• **Brief**
Give back every record below in full and exactly, but without a single image.

Collected data entries:
***

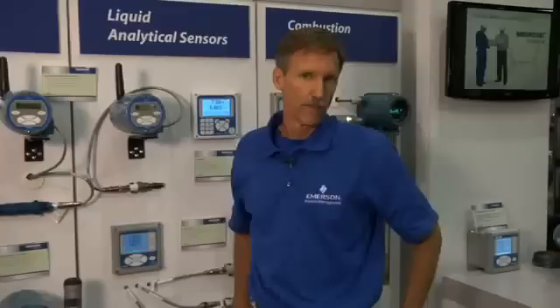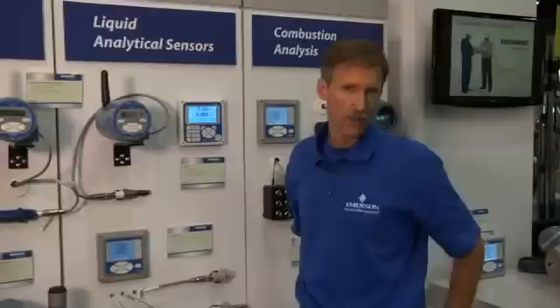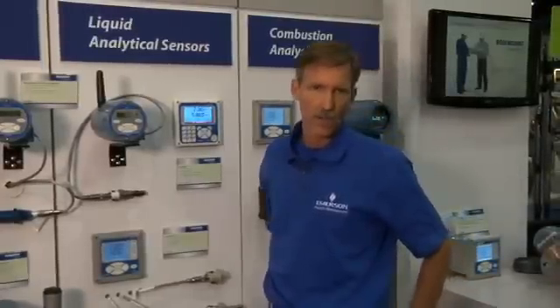That should give you an understanding of some of the key features of the Model 1057 analyzer — how it allows three inputs of measurement and solves problems for customers like OEMs and pharmaceutical companies that require redundant measurement. If you want more information about the Model 1057, you can refer to our website at railiquid.com.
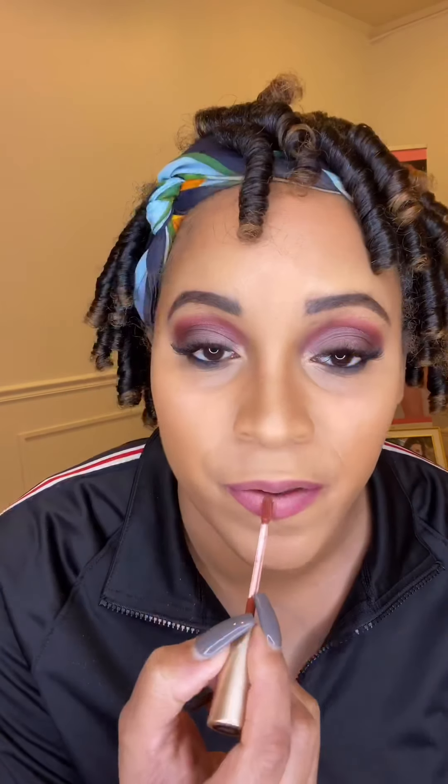I'm using House of Uni lip lacquer in Rum Cake and will follow up with the lipstick in Ragamuffin. I love those lip stains because they do not budge.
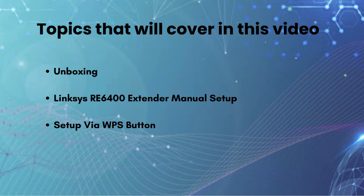In this video we are going to cover three topics: unboxing, Linksys extender RE6400 manual setup, and WPS setup. So without wasting time, let's start the video.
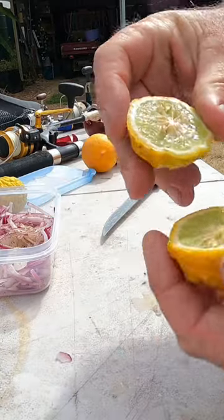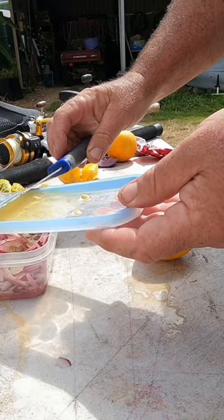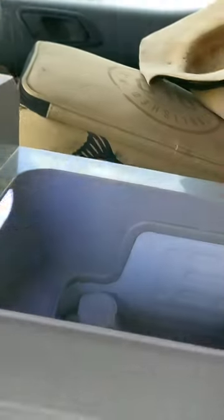Check out those limes — that's a kaffir lime, and these two lemons. Put that in the fridge for 20 minutes or so.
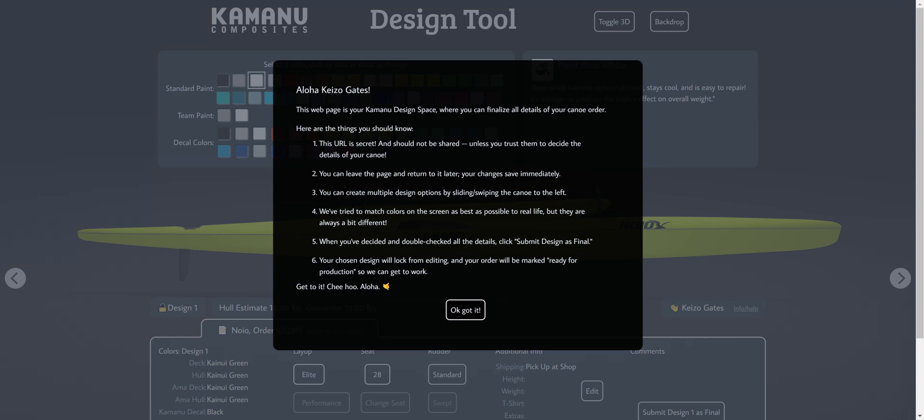Hi guys, my name is Keizo and today I want to go over the little design tool we have here at Comodic Posits. If you are purchasing a Noil, you'll probably see this — maybe you're actually looking at it right now — and these are some quick instructions.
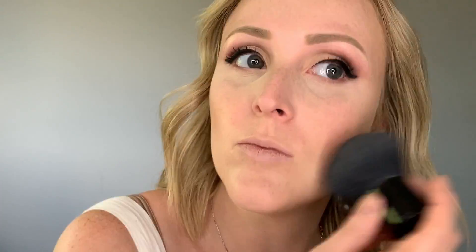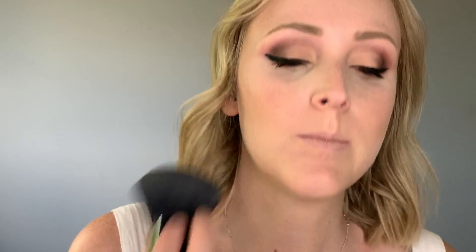Next I'm going to set my contour with some powder and I'm going to be using a loose powder. Then I'm going to be using a pressed powder just to kind of set everything in place. I'm not going in heavy with blush today but I am going to put a little bit on my cheeks just to give it a little bit of color.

***

• **Task response**
That should give you an understanding of some of the key features of the Model 1057 analyzer — how it allows three inputs of measurement and solves problems for customers like OEMs and pharmaceutical companies that require redundant measurement. If you want more information about the Model 1057, you can refer to our website at railiquid.com.
I'm using House of Uni lip lacquer in Rum Cake and will follow up with the lipstick in Ragamuffin. I love those lip stains because they do not budge.
In this video we are going to cover three topics: unboxing, Linksys extender RE6400 manual setup, and WPS setup. So without wasting time, let's start the video.
Check out those limes — that's a kaffir lime, and these two lemons. Put that in the fridge for 20 minutes or so.
Hi guys, my name is Keizo and today I want to go over the little design tool we have here at Comodic Posits. If you are purchasing a Noil, you'll probably see this — maybe you're actually looking at it right now — and these are some quick instructions.
Next I'm going to set my contour with some powder and I'm going to be using a loose powder. Then I'm going to be using a pressed powder just to kind of set everything in place. I'm not going in heavy with blush today but I am going to put a little bit on my cheeks just to give it a little bit of color.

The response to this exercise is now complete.